Anchor: Japan’s Sado mines, a controversial site linked to wartime forced labor which included Koreans, will likely be listed as a World Heritage Site as South Korea plans not to object to the move after Japan promised it will reflect their full history.
Our Koo Heejin has the details.
Report: Former gold and silver mines located on Sado Island in Niigata Prefecture, where Koreans were forced into hard labor, are expected to be designated as a UNESCO World Heritage Site, after an agreement from Tokyo to display the entire history of the mines at the site.
An official at the South Korean Foreign Ministry told reporters on Friday that the UNESCO World Heritage Committee(WHC), which consists of representatives from 21 member states, is scheduled to review and decide on 28 new listing proposals, including the Sado mines, at its meeting in New Delhi, India, on Saturday.
Seoul has protested Tokyo's push to inscribe the Sado mine complex, arguing that Japan initially intended to omit the part of its history involving more than two-thousand Koreans who were forced to toil there during World War II, when Korea was under Japan's 1910-45 colonial rule.
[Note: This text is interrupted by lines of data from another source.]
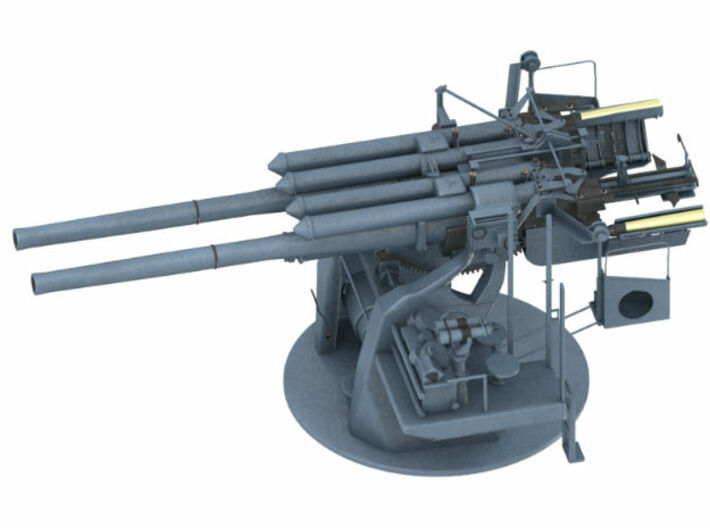 1/144 IJN 12.7 cm/40 (5") Type 89 Naval Gun 3d printed 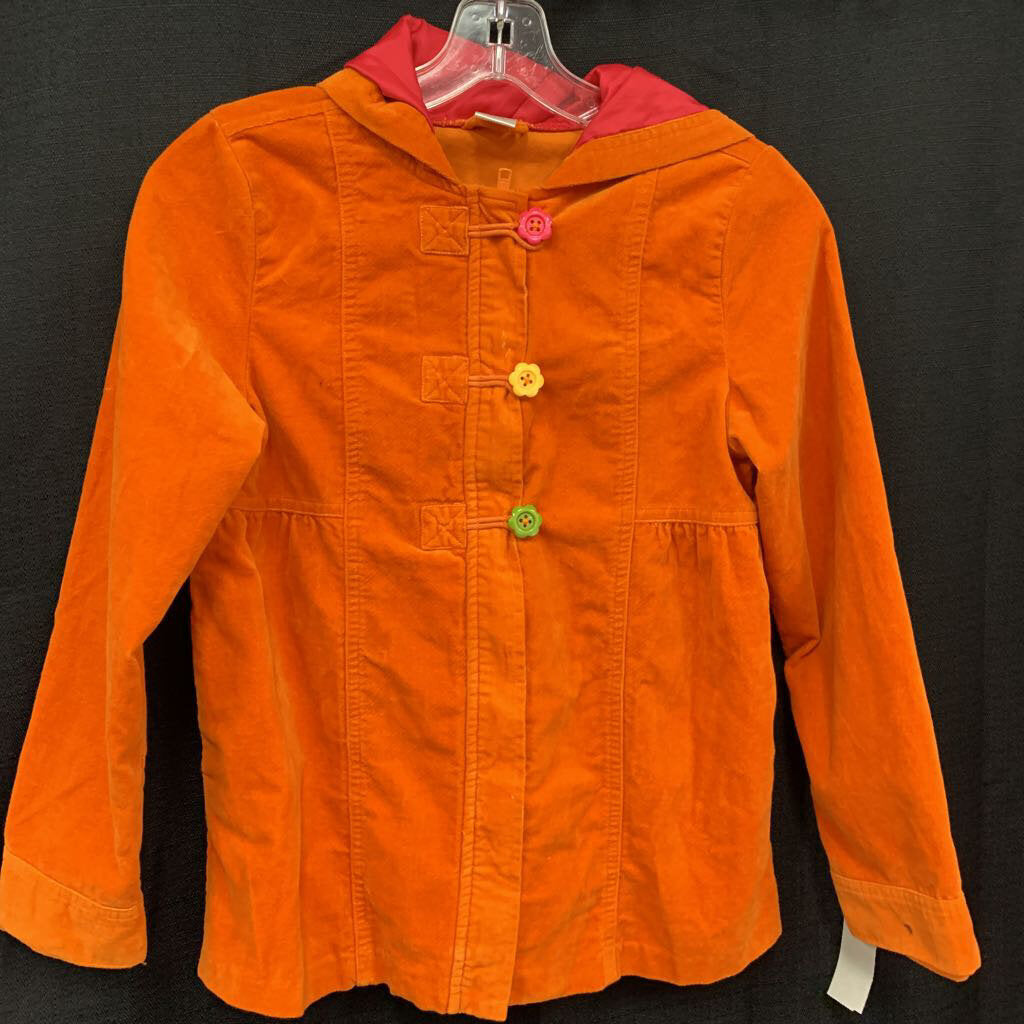 Girls button/zip up winter jacket
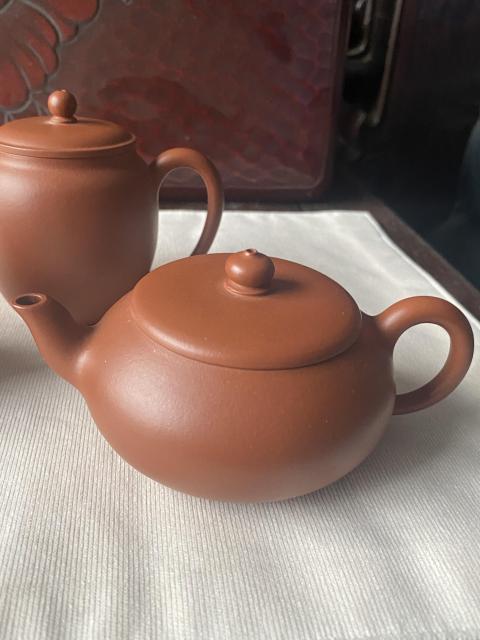 古玩雜項柿圓壺梨式壺各一把拍賣,當前價格1800元
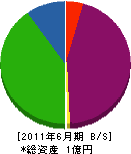 柳本土木 貸借対照表 2011年6月期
The official said that after a difficult process, an agreement between the two countries was finally reached and it's expected that the mines will be listed as a World Heritage site without a vote at the World Heritage Committee meeting. Both Japan and Korea are members of the rotating committee this year.
South Korea agreed to the inscription as Japan promised to reflect the full history of the mines, including the forced labor of Koreans, and has already taken specific measures to do so, according to the official who did not elaborate further.
However, the official stressed it will be different from the UNESCO designation of Hashima Island, which has repeatedly come under fire as Japan has failed to fulfill its pledge to inform the world of the "entire history" of the industrial site, including its use of Korean forced laborers.